When looking at the write penalty, the fully random IO pattern would mean that a RAID5 group would probably encounter a write penalty of 1:4, where a RAID10 group would only encounter a penalty of 1:2. This means you would require less disks to obtain the performance you need when comparing to RAID5.

Finally, disksize comes to mind. If the database is relatively small, RAID10 would propably be cheaper (!!) than RAID5. Why? Well, lets assume you use 15K SAS disks, which perform about 200 IOPS each, and your database requires 600 ROPS and 600 WOPS simultaneously, and is only 500Mbytes in size. You then would need:

RAID10 would need:

For performance: 600 ROPS / 200 = 3 spindles for reading, and 600 WOPS / 200 * 2 = 6 spindles for writing. This sums up to 3+6=9 so 10 disks in RAID10 would suffice. Using 146GB disks, you would get 5*146 GB = 730 GB, so this would suffice.

RAID5 would need:

For performance, 600 ROPS /200 = 3 spindles for reading, and 600 WOPS / 200 * 4 = 12 spindles for writing. This sums up to 3+12 = 15 spindles in total, so you’d require a (14+1) RAID5 set, which personally I would never do (rebuild time and impact!).

So in this example, RAID10 would actually save you 5 disks (and gain a much better rebuild time with much less impact). RAID10 would be THE way to go here.

Example two: sequential writing video application

In example two, we have a video application which needs to stream a lot of data to a raid group. Again we reserve a set of disks for this application (so the stream will remain purely sequential). Lets say we need to save a stream of 100MB/sec to 7200rpm SATA spindles, 100% writes in blocks of 1Mbyte (larger blocks help of course in a sequential write scenario)

As we have seen, RAID5 can be very effective when writing full stripes. So if we create a RAID5 array out of (4+1) disks, and we make the segment size 1Mbyte/4 = 256Kbytes, each WOP from the video app would exactly fill up one entire stripe. At 100MB/sec, each disk would have to write at 25MB/sec, and the fifth disk would perform at 25MB/sec as well. Because we need to write 100MB every second, we would require 100 IOPS (given that the blocksize is 1MB). Write penalty of a (4+1) RAID5 is 1:(5/4), or 1:1.25 would give us the requirement of 100 * 1.25 = 125 WOPS.

so each disk would have to perform: 125 / 4 = 31,25 IOPS and 100/4 = 25MB/sec. This is something a 7200rpm SATA drive should be able to support. Because we are using RAID5 in this example, we would end up with 5 drives. If we used 1TB SATA drives, we would have 4TB of net storage.


From the previous part and this part it becomes clear, that there is never a “best” solution given all environments. Sometimes RAID5 is better because you end up with more storage space than when you’d be using RAID10, sometimes RAID10 is better for its simple and relatively low write penalty for random IO loads.

Some things to consider in ANY case, is the segment size and the RAID type you choose for your storage.

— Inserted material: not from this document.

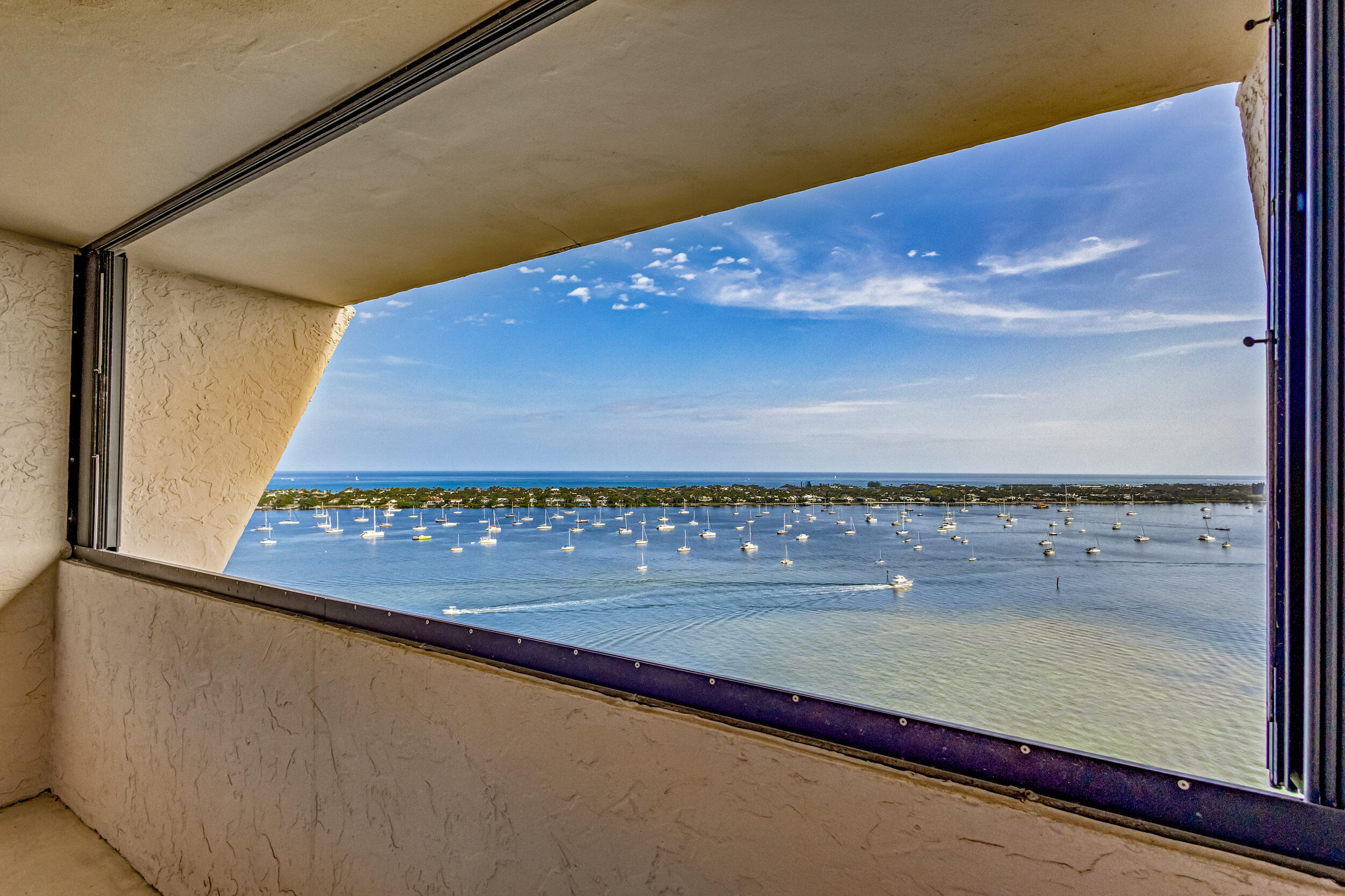 5200 N Flagler Drive Unit: 2304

Also, never forget the impact of a rebuild in case of a disk failure. Especially the larger stripes in RAID5 can have enormous rebuild times (several days is no exception). During these rebuilds there is a significant impact on performance. Even though most SAN vendors allow you to prioritize your reguilar data flow and the rebuild priority, but this still leaves you with a problem: a short rebuild time with heavy user-impact, or a very low priority rebuild that does not impact users  too much but leaves you with a rebuild going on for days. Do not forget, that within a RAID5 group disks are often the same make and model, and they are all just as old. This creates a serious threat, when you combine it with the heavier load during a rebuild: Changes are, you loose a second disk during rebuild which will basically destroy all your data on the raid group.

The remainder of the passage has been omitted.